• Your instructions: An exact copy of every record is needed, with all pictures omitted.

• Available records:
= Beginning of Section =

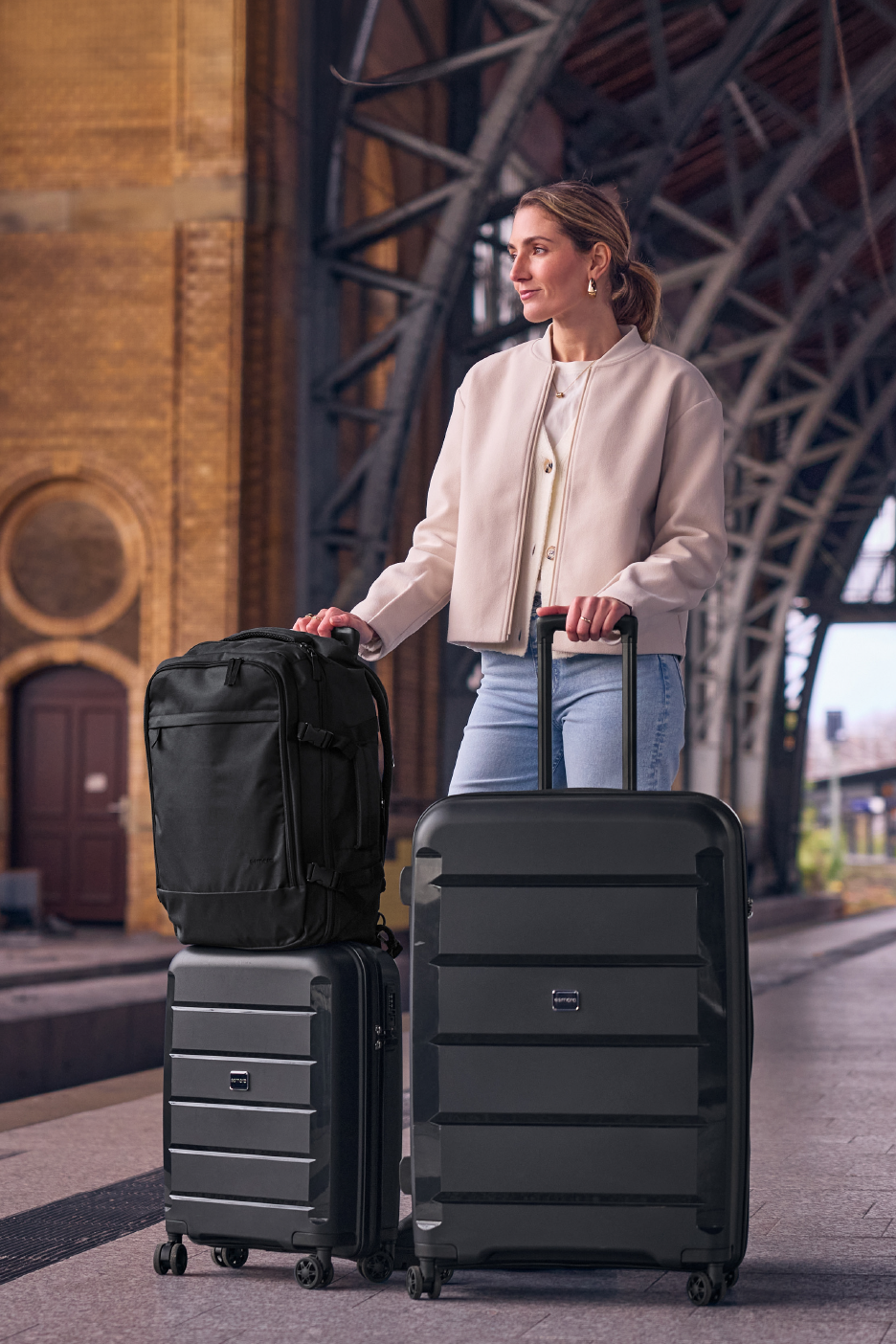 Γυναίκα με μαύρες αποσκευές και σακίδιο σε σιδηροδρομικό σταθμό.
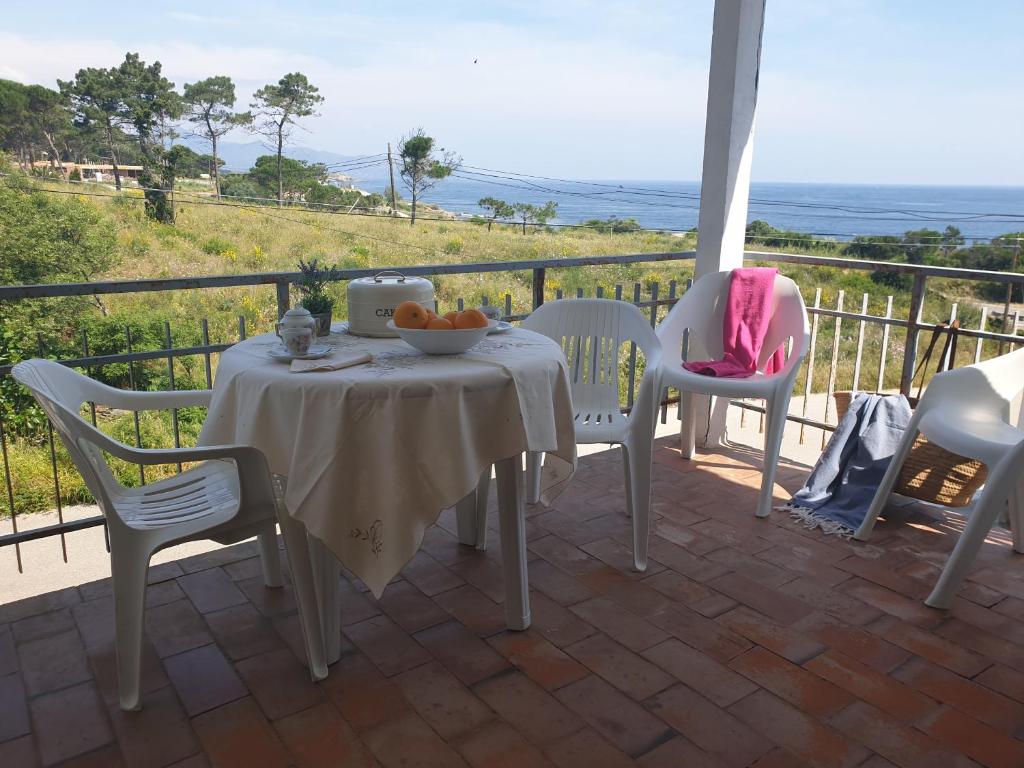 a table and chairs on a patio with a view of the ocean at Xaloc, apartament amb vistes a mar M4 in Port de la Selva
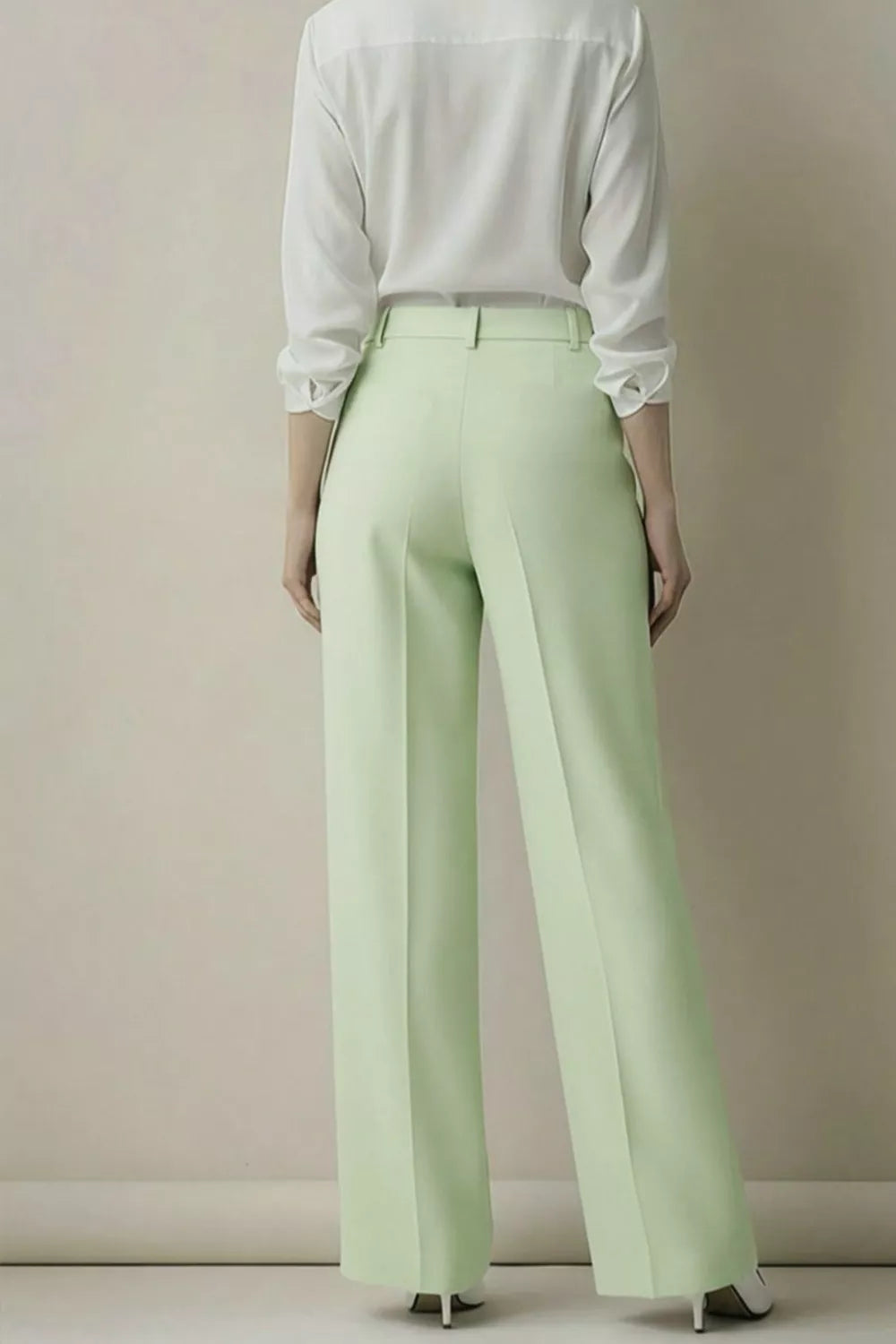 Person wearing a white shirt and light green pants against a plain background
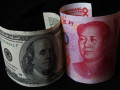 اليوان الصيني يفشل في إثارة الذعر بين متداولي العملات الاجنبية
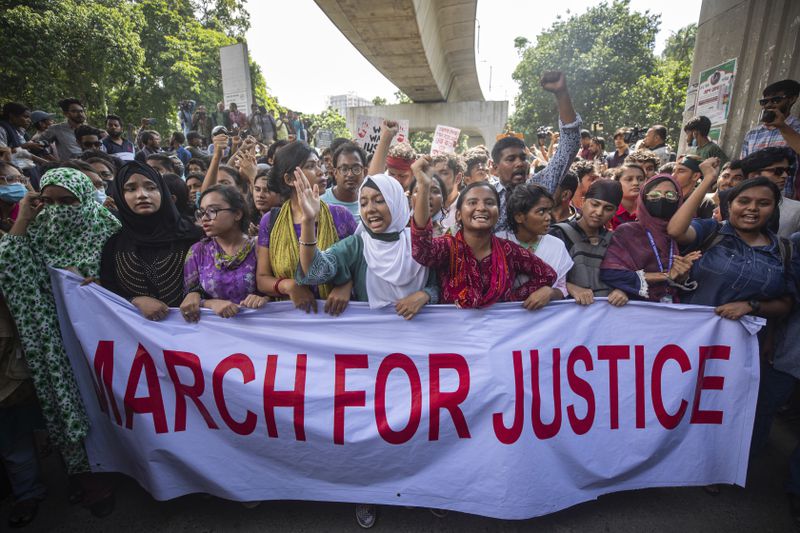 FILE- University students shout slogans during a protest to demand justice for the victims killed in the recent countrywide deadly clashes and ask for their campuses to be opened, in Dhaka, Bangladesh, July 31, 2024. (AP Photo/Rajib Dhar, File)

= End of Section =

• Result of this task:
 Γυναίκα με μαύρες αποσκευές και σακίδιο σε σιδηροδρομικό σταθμό.
 a table and chairs on a patio with a view of the ocean at Xaloc, apartament amb vistes a mar M4 in Port de la Selva
 Person wearing a white shirt and light green pants against a plain background
 اليوان الصيني يفشل في إثارة الذعر بين متداولي العملات الاجنبية
 FILE- University students shout slogans during a protest to demand justice for the victims killed in the recent countrywide deadly clashes and ask for their campuses to be opened, in Dhaka, Bangladesh, July 31, 2024. (AP Photo/Rajib Dhar, File)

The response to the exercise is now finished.